Who leaves comments on scientific papers - and why?
I drafted a long paragraph for here about how science publishers are generally rubbish at commenting implementations, but if you read journals online you already know this. Can you name three science publishers that allow online commenting? When last did you leave a comment on a paper? Have you ever?
BioMedCentral are doing their best to buck the lack of comments trend. BMC are quietly innovative in lots of ways - they've allowed online commenting on all of their papers for the past five years, for a start. Over time they've built up a reasonably large database of user comments.
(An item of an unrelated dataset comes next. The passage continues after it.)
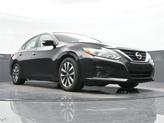 Thumbnail of 2017 Super Black Clearcoat Nissan Altima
Matt Cockerill at BMC kindly sent us over a dump of all comments submitted since their system's inception (all of BMC's data, including the comments, are open access) and I figured it'd be interesting to do a bit of analysis on the dataset.
So.... who leaves comments? How frequently? What are they about?
The basics
From November 2002 to July 2008 BMC journals accumulated 945 comments from 753 different users on 732 different papers.
How widespread is commenting at BMC?
BMC have published 37,916 papers since they launched. That means that ~ 2% of BMC papers have attracted comments. Most of BMC publishes low to medium impact papers (this is not a reflection of the quality of those papers, I hasten to point out), it'd be interesting to see if the percentage is any higher when you only look at their higher impact journals. I didn't have time to do that.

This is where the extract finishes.